[Buddha-l] Tozan's blue mountain and white cloud

Dan Lusthaus vasubandhu at earthlink.net
Thu Apr 17 11:40:47 MDT 2008


> Any recommended reading on this area of Buddhist development?

Tons (literally). (Zen always says it is beyond words, etc., but they
produced more literature -- words -- than the rest of the Buddhist tradition
put together. Contemporary writers on Buddhism seem to be following suit.)
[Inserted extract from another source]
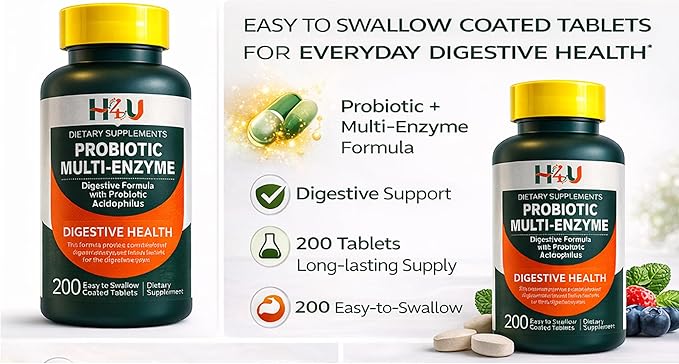 H4U Probiotic Multi-Enzyme Digestive Enzymes Formula with Acidophilus Tablets for Digestive Health &amp Gut Support Dietary Supplement 200 Count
Which to read depends on what you are looking for. Do you want to play with
your head; learn the real history and uses koans were put to in China, Korea
and Japan; or do koan practice? If the latter, forget the books for now and
find a Zen teacher who knows what s/he is doing. If you want to play, then
keep in mind that basically, until the 1990s, Western literature on Koans
was dominated by the DT Suzuki (not to be confused with Suzuki Shoryu)
spiel, which mystified koans, taking them as mind-games that frustrate and
transcend thinking and language, exclusively the provenance of Rinzai Zen.
Lots of stuff, presupposing Suzuki Zen, came out, perhaps most notably:

The Zen Koan: Its History and Use in Rinzai Zen
by Isshu Miura and Ruth Fuller Sasaki
Harvest Books (1966)
amazon link

Writers in this mold went out of their way to make koans sound nonsensical
(that was the point), and confute any attempt to bring reason to bear,
(mis-)translating koans to sound as outrageously absurd as possible. That's
still the prevalent impression among nonspecialists.
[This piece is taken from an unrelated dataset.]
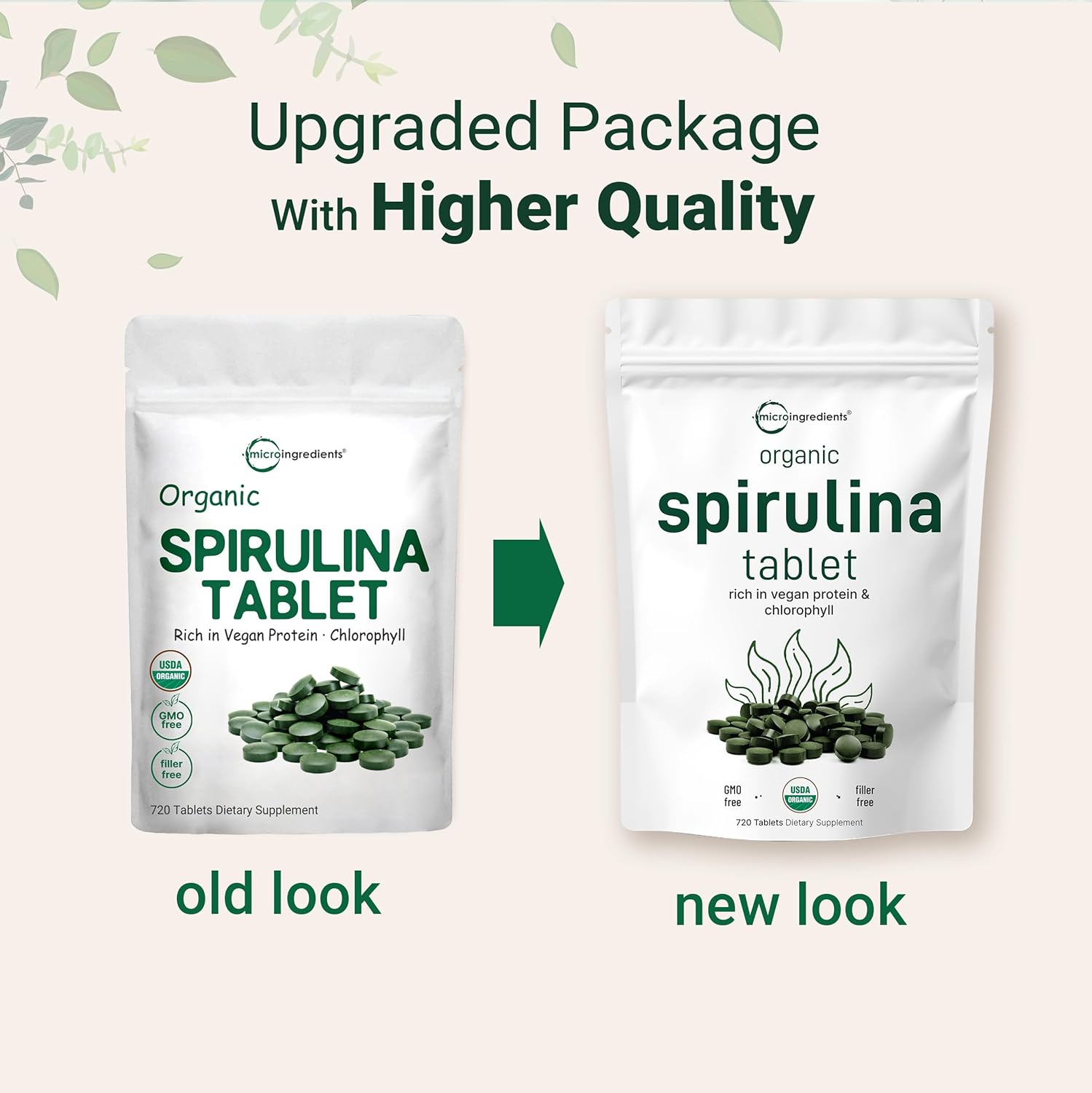 Micr Ingredient Organi Spirulin Supplement 3000M Pe Serving 72 Tablet ( Mont Supply) N Fille Non-GMO Ric i Vega Protein Vitamin Prebiotics Premiu Spirulin Pills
That would be fine if it had historical roots in actual Chan/Son/Zen usage.
The indispensible antidote and must-read is

Victor Sogen Hori. Zen Sand: The Book of Capping Phrases for Koan Practice
University of Hawaii Press (February 2003)
amazon link

(Hori is a practicing Zen teacher, so this is not some scholarly debunking
by a dry academic who doesn't "get it".) The key part of this book also
appears as an essay in

The Koan: Texts and Contexts in Zen Buddhism
by Steven Heine (Editor), Dale S. Wright (Editor)
Oxford University Press (2000)
amazon link

another must-read. The Heine/Wright book arose out of Heine's work on Dogen.
First, Dogen, as a Soto figure, should not have been using koans at all, but
his work is filled with them. Secondly, all the stuff that everybody was
writing about koans bore no resemblance to what Dogen was doing, and was
thus useless for working with Dogen. As Heine talked to other Zen
specialists, he discovered that they too found that the prevailing
literature on koans was largely incommensurate with the actual koan
literature they were working on -- in China, Korea and Japan. Hence the
book, which attempts to show what Buddhists were really doing with koans
throughout the ages.

That also led to

Opening a Mountain: Koans of the Zen Masters
by Steven Heine
Oxford University Press (2004)
amazon link

More freewheeling is

Sitting with Koans: Essential Writings on the Zen Practice of Koan Study
by John Daido Loori (Editor)
Wisdom Publications (2005)
amazon link

In the case of Dogen and Soto, in recent times it came to light that on his
last night in China, rather than sitting in mindless meditation, he spent
the entire night copying out a collection of 300 koans (took him all
night -- not xerox machines or scanners in those days). He used many of
those in his subsequent writings once back in Japan. See

The True Dharma Eye: Zen Master Dogen's Three Hundred Koans
by John Daido Loori and Kazuaki Tanahashi
Shambhala (2005)
amazon link

These should keep you busy for awhile. There is tons of other stuff out
there, but the essential reading is Victor Hori's book.